What do you mean by "single connection", persistent connections are single connections and as you said above prepared statements are local to the connection/session anyways…
Further, as an "expert" feature, would it be unreasonable to limit its use to cases where you know it will benefit, but also only be used in a single connection? True, this limits its use cases somewhat, but it's still available when of benefit.
What do you mean by "single connection", persistent connections are single connections and as you said above prepared statements are local to the connection/session anyways…
And I would expect the prepared statement to persist between requests in that case.
If I thought we could rely on DB dis/connect signals [maybe we can, I don't know yet] we could teach prepared statements to track that and re-prepare themselves on first use.
Just throwing ideas out there... seeing which ones excite :)
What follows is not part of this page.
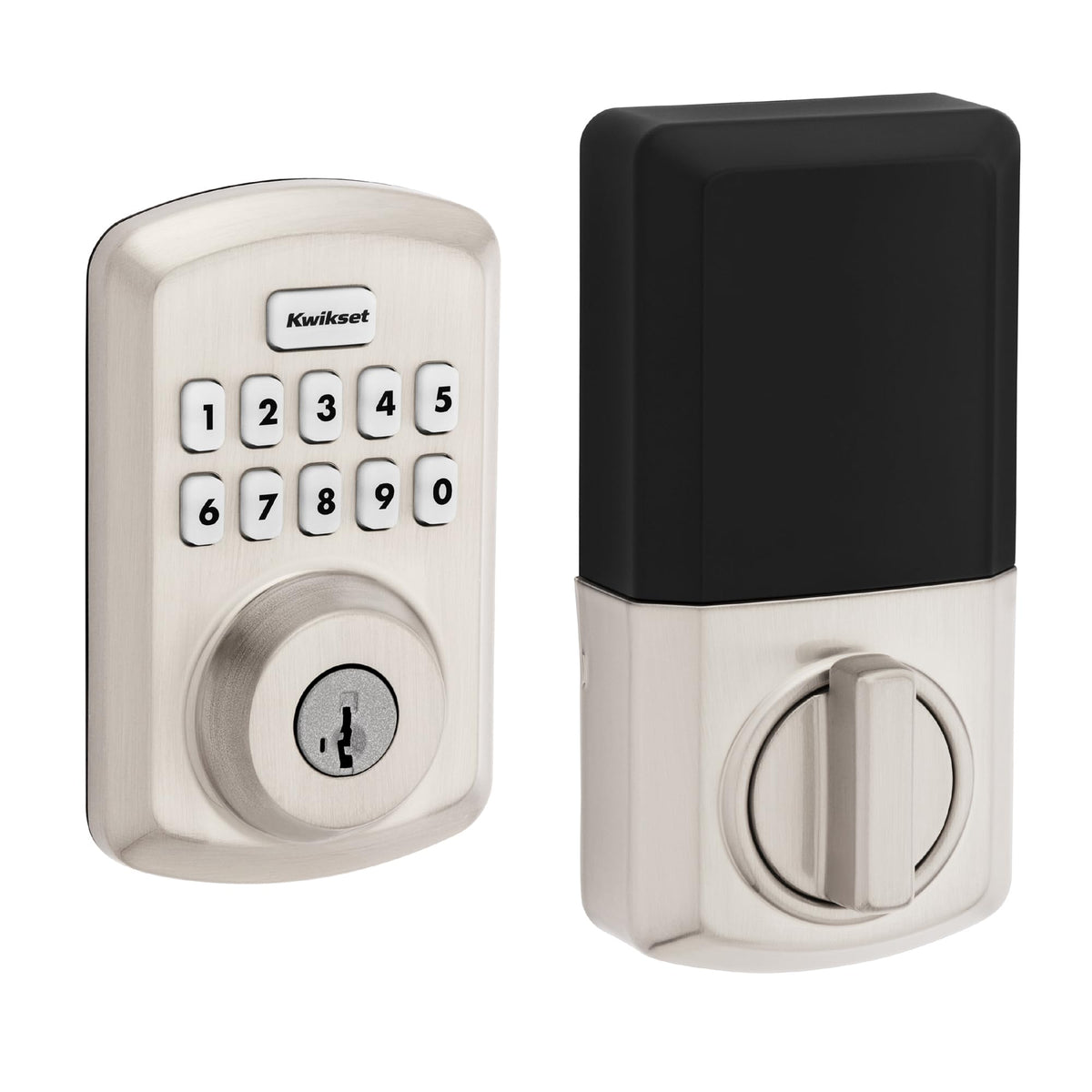 Kwikset Powerbolt 250 lock face in satin nickel, secure entry.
We can do this by having a map of SQL for the statement -> name of the prepared statement in the connection. On connection close the known statements are cleaned.
There was a recent query about prepared statements on the db-sig mailing list, too. Apparently thought is being given to adding such functionality to Psycopg. If such functionality is added, it could be useful to support, I suppose. Some SQL engines apparently benefit from the techinque. MS SQL Server is not one of them, so I have not bothered to add support for them to adodbapi. If I do so, it will use the same api as mxodbc uses now (a copy of the SQL statement is kept with the cursor). [note: my reading of Microsoft's recommendation is not "don't do that", it is "why bother?".]
Pep-0249 is silent on the subject of how to support prepared statements, so any existing systems are likely to do so differently. In particular, there can be no expectation that there is any support whatsoever for the concept, so it will have to be emulated where not present (-- i.e. almost everywhere).